Publishers Weekly - Publisher's Weekly
Certain to be a hit with kids who take baseball history seriously, Winter's (Diego) handsome volume devotes a spread each to 14 stars of the Negro Leagues. Balancing stats with engaging trivia and anecdotes, the author will open readers' eyes to the injustices of segregated baseball: pitcher Satchel Paige, for example, completed some 2600 games, almost 2000 more than the official world champion, Cy Young. Winter also slips amusing lore into his conversational text, e.g., speedy Cool Papa Bell once "hit a ball up the middle--then supposedly ran so fast, he was hit by his own ball and called out"; center fielder Oscar Charleston caught fly balls with his back to them and sometimes did a somersault before catching a ball. Reminiscent of baseball card pictures (baseball cards were never issued for Negro League players), Winter's full-page illustrations of his subjects run the gamut from sharp, almost photographic likenesses to less-defined images; and from seemingly posed portraits to on-field action shots. This picture book joins with such full-length nonfiction as the McKissacks' Black Diamond: The Story of the Negro Baseball League and William Brashler's The Story of Negro League Baseball to help set some records straight. Ages 7-10. (Apr.)
Publishers Weekly - Publishers Weekly
"Certain to be a hit with kids who take baseball seriously, this volume devotes a spread each to 14 stars of the Negro Leagues, from pitcher Satchel Paige to center fielder Oscar Charleston," said PW. Ages 7-10. (Apr.) Copyright 2002 Cahners Business Information.
Children's Literature - Donna Freedman
The author, who also illustrated the book, offers one-page profiles of Negro League greats such as Buck Leonard, Cool Papa Bell, Boojum Wilson and Satchel Paige. The illustrations, based on historical photos of the players, resemble baseball cards. Since it's a picture book, it's a good choice for baseball-mad parents to read to young fans in the making. But it's also interesting reading for older kids. Winter's profiles include inspirational facts such as the fact that Josh Gibson was not just a great player, but also "a nice guy," and that Biz Mackey was "a good role model for younger players" because he didn't drink or smoke. It's a nice contrast to the well-documented excesses of some of today's sports heroes. In an afterward, Winter matter-of-factly addresses the injustices that African-American players faced. Yet he ends on a positive note by imagining white and African-American players having their own games up in Heaven, and lists his own "Ultimate All-Star Teams In The Sky."
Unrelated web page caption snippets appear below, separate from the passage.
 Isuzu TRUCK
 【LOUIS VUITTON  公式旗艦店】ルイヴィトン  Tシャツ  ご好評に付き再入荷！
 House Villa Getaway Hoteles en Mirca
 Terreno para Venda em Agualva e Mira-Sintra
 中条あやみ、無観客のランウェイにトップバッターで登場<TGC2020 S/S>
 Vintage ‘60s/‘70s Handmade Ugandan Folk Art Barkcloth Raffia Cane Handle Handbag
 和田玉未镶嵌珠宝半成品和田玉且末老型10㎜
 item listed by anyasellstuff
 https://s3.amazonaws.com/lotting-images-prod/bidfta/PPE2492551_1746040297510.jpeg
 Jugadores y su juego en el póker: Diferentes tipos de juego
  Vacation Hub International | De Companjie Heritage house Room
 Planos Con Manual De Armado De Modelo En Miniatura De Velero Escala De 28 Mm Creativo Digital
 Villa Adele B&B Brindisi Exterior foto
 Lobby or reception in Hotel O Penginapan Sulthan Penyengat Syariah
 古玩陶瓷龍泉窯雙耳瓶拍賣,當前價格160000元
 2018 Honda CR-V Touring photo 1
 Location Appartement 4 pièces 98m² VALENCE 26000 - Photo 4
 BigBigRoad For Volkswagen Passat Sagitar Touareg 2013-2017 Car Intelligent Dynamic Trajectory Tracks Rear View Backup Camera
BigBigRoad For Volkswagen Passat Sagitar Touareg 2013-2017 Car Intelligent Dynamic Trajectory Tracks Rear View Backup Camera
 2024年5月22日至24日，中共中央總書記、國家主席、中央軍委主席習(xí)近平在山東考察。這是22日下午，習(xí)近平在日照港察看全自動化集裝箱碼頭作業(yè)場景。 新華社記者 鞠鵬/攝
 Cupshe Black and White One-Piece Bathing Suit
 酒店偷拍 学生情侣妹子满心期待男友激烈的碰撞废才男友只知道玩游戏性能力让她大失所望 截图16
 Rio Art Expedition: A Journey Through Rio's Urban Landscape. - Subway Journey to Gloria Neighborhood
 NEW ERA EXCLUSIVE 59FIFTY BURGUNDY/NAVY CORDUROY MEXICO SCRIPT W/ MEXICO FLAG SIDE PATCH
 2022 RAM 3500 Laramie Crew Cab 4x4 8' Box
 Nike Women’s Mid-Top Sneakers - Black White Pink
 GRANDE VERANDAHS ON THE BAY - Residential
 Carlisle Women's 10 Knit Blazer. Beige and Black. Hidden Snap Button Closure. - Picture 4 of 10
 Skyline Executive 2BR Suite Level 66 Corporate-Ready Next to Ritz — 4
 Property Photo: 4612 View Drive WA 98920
Children's Literature - Mary Quattlebaum
Brief biographies and portraits of fourteen great stars from baseball's Negro leagues are arranged like baseball cards, an appealing format for young readers. Included are Josh Gibson, who played for Washington's Homestead Grays and hit 75 homers in one year, and the legendary Satchel Paige, who pitched until he was 59 years old.
Children's Literature - Susie Wilde
Using an anecdotal style, the author describes Negro League ballplayers' relationships with each other, their personalities and styles, quotable sayings, and of course, their contributions to the games. History, not always of interest to children, might become a hit when put in the context of baseball's past.
School Library Journal - School Library Journal
Gr 3-6-Each of these Negro-League players is accorded a page of text and a full-color painting. While brief, the profiles do convey something of the character and significance of each athlete. Readers learn, for instance, that legendary New York Giants manager John McGraw considered Negro Leagues star Oscar Charleston to be the greatest player he ever saw, and that Cool Papa Bell was so fast that "he could turn off the light and be in bed before it was dark." Players who were positive role models for youngsters are duly noted, as are those who were not: it is made clear that both Charleston and Boojum Wilson were mean, ill-tempered individuals who loved to fight. There are points about which one could quibble (e.g., Winter's assertion that Rube Foster "invented" the squeeze play, hit-and-run, and double steal) but on balance this is a good, highly accessible introduction to a group of athletes who deserve to be as well known as their white counterparts.-Richard Luzer, Fair Haven Union High School, VT
In this worthy packet of information about famous players from the Negro Leagues, Winter's narrative is marred only by a comic-book tone and exclamation points that detract from otherwise spectacular statistics and stories.